Un photographe né aveugle découvre qu’il a retrouvé la vue à la suite du vol des yeux d’un Brésilien. Il se met à la recherche de cette victime pour lui offrir son aide et même de lui rendre ses yeux s’il le faut. Après plusieurs tentatives infructueuses, il se remet en question son geste altruiste. Mais la volonté de réparer le geste de ses parents est plus forte que tout et poursuit ses recherches. Il trouve finalement Anor. Pour connaître la suite, vous devrez vous procurer l’album.

De petites choses nous agacent en début de lecture. Il manque un peu de fluidité dans les dialogues et dans l’histoire en général. Le langage utilisé est très Québécois et pourrait rebuter certains bédéphiles français. Les illustrations ne sont pas toujours de qualité égale. Malgré tout, nous sentons le désir de bien faire les choses et la recherche d’originalité dans le style.

Le procédé stylistique de cet album est intéressant. Martin a dessiné ce que le personnage voit. Donc, c’est grâce aux yeux volés d’Anor que nous découvrons cette histoire. Cette technique plutôt originale est par contre une lame à double tranchant. Il est dangereux de donner au récit une dynamique peu fluide par la limitation des points de vue et des perspectives. Mais ici, à cause du propos, cette technique a du sens.
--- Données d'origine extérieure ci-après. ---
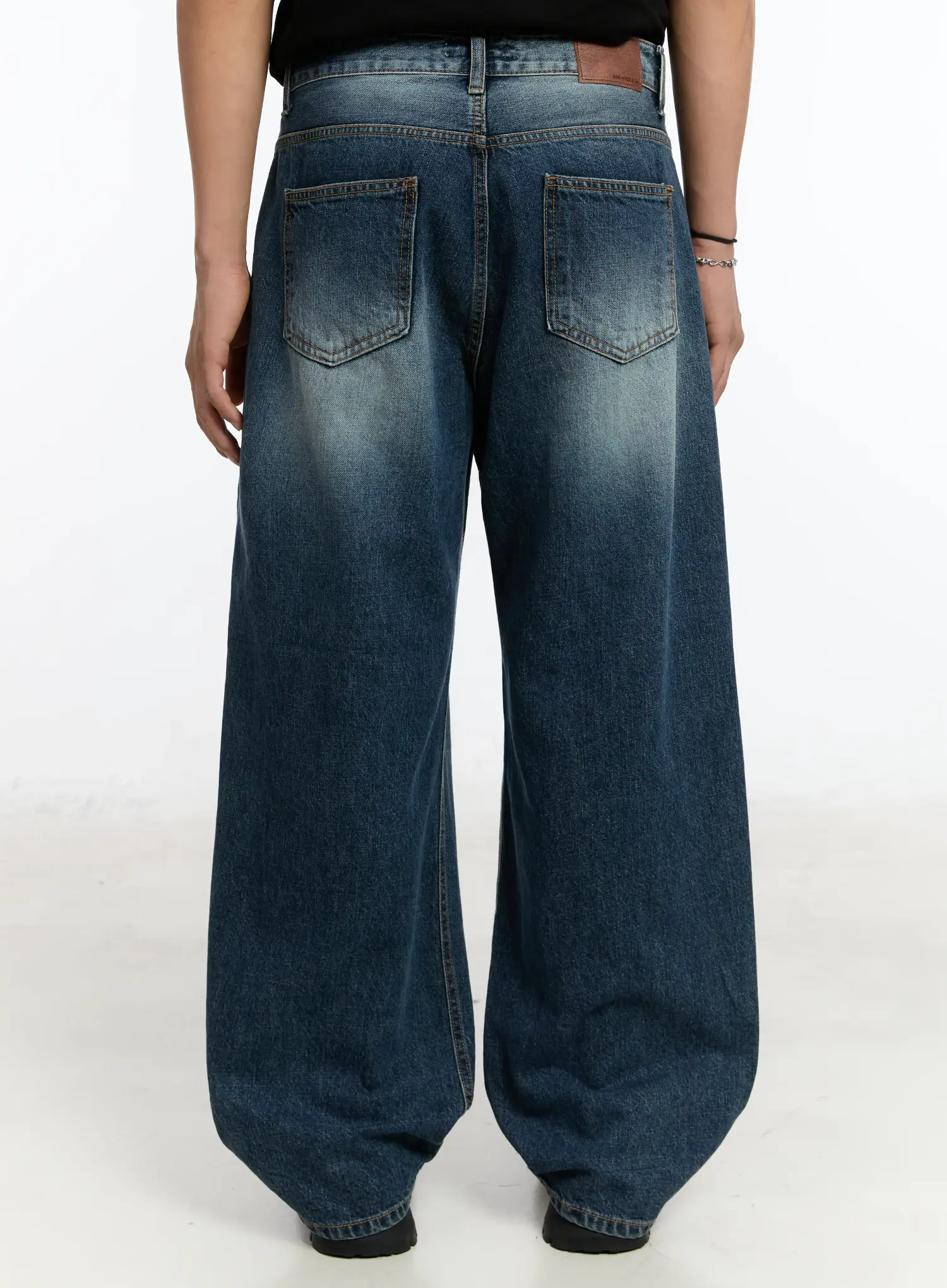 Men's Washed Wide-Leg Jeans IM502 - Image 6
Pour illustrer un blackout, il n’y a rien de mieux que deux pages côte à côte pratiquement toutes noires. J’adore l’audace de sacrifier autant d’espace pour bien faire sentir l’émotion. Mais lorsqu’on reprend ce procédé sur près de huit pages, c’est un manque d’originalité. Plusieurs autres procédés auraient pu être utilisés. Je comprends que l’auteur ne voulait pas sortir du concept que l’on voit par les yeux de son personnage, mais séquestrer un homme dans le noir n’était peut-être pas la meilleure chose à faire pour faire valoir ses talents de dessinateurs.

En résumé, Martin Balcer n’a pas tout faux. On sent le désir de bien faire les choses. Pour une première bande dessinée, c’est très bien. J’ai eu du plaisir à découvrir cet artiste prometteur. Son talent est encore brut. J’ai hâte de lire ses prochaines publications. Notons l’audace d’autopublier son album. Il n’est pas donné à tous de se rendre au bout d’un tel projet. Je suivrai sa carrière de près.